Astrid was born in Deurne, a district of Antwerp (Belgium) on 28 July 1979. She attended the Sint-Ludgardisschool in the centre of Antwerp. After having completed secondary school, she started studying history at the University of Antwerp where she obtained her bachelor’s degree. She continued her studies at the Free University of Brussels where she obtained her master’s degree (magna cum laude). As she developed a strong interest in history and philosophy of science, she also completed the postgraduate studies in logic, history and philosophy of science (magna cum laude ) at Ghent University. Her thesis was on experiments in Descartes’ Les Météores.
Having completed her studies, Astrid was offered a job as a researcher at Leiden University and started work on her PhD on the history of Dutch radio astronomy. She presented the findings of her PhD research at several conferences in the Netherlands as well as abroad, in Phoenix, San Diego, Indiana, Aberdeen, Exeter, Brussels and Aarhus. She was a member of the Huizinga Institute, the national Dutch research network for cultural history, and devised and taught a seminar Science and the Public for graduate students together with some colleagues. Her work resulted in two scholarly articles as well as several contributions in conference proceedings and popular scientific magazines, book reviews and journalistic articles.

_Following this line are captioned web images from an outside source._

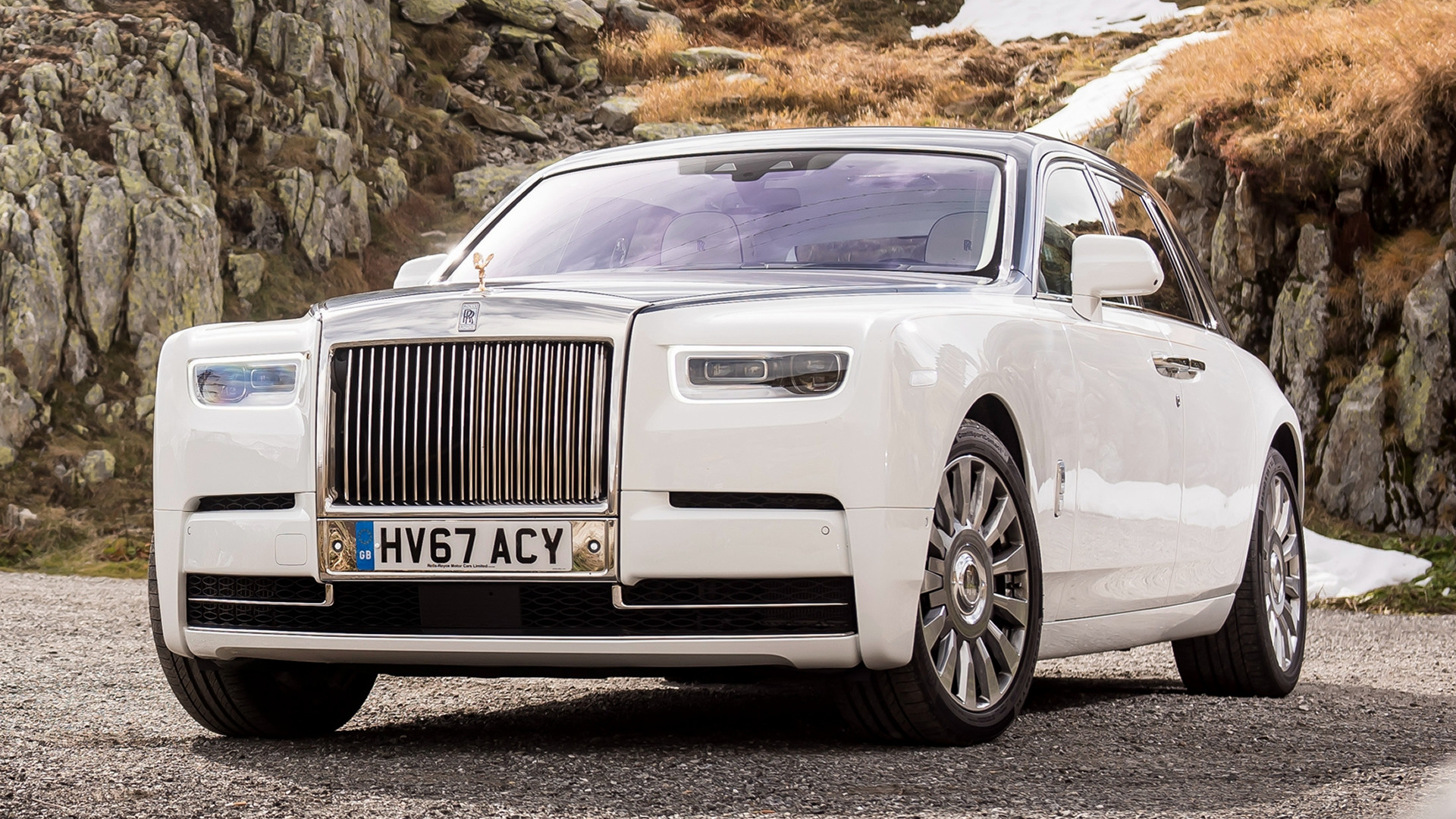 Download mobile wallpaper Rolls Royce, Car, Rolls Royce Phantom, Vehicles, White Car, Full Size Car for free.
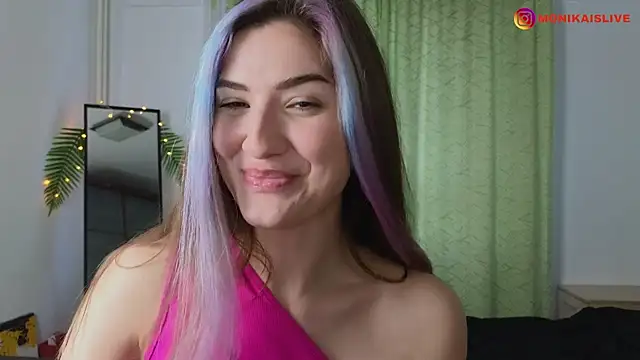Snapshot of monikavenom chatting on January 11, 2025, 8:00 am monikavenom online show from January 11, 2025, 8:00 am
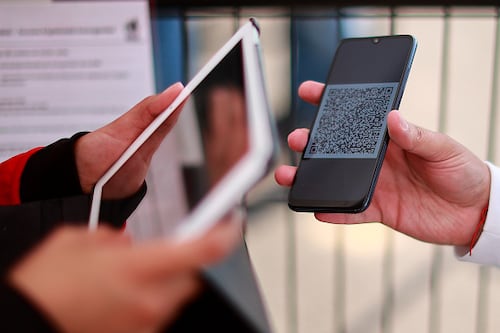 ¿Necesita su certificado de vacunación? Así puede descargarlo en línea en pocos minutos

In addition to her research in Leiden she worked as a volunteer researcher at the Museum for the History of Science of Ghent University and became the author of two publications accompanying the exhibitions. Astrid obtained an additional degree in applied linguistics (journalism) from the Erasmus University College Brussels. She is currently teaching Dutch as a second language at the Institute for Language and Communication (Linguapolis) of the University of Antwerp.